» **Exercise**: From the listing below, output only the lines starting at the line that has "Exquisite Microscopic Flora: A" and ending at the line that has "Orbeetle, Pokémon card", exactly as they appear, ends included.

» **Supplied material**:
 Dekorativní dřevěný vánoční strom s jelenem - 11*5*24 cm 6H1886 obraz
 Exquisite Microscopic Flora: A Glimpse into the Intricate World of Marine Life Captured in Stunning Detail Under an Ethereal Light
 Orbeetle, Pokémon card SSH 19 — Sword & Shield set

--

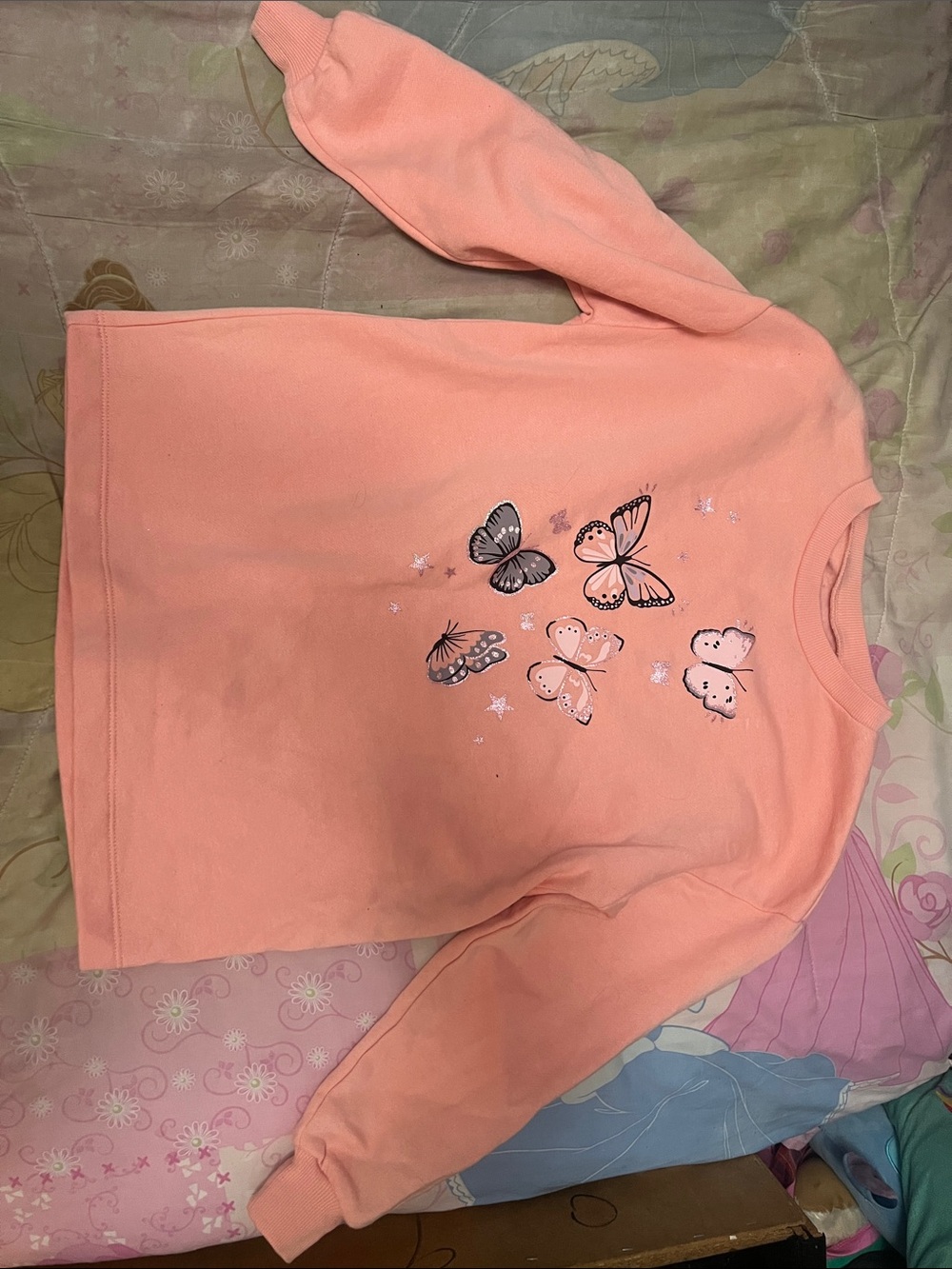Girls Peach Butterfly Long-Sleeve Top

* * *

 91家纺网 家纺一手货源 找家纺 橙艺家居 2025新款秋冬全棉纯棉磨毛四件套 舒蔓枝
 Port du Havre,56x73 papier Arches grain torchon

» **Result for this task**:
 Exquisite Microscopic Flora: A Glimpse into the Intricate World of Marine Life Captured in Stunning Detail Under an Ethereal Light
 Orbeetle, Pokémon card SSH 19 — Sword & Shield set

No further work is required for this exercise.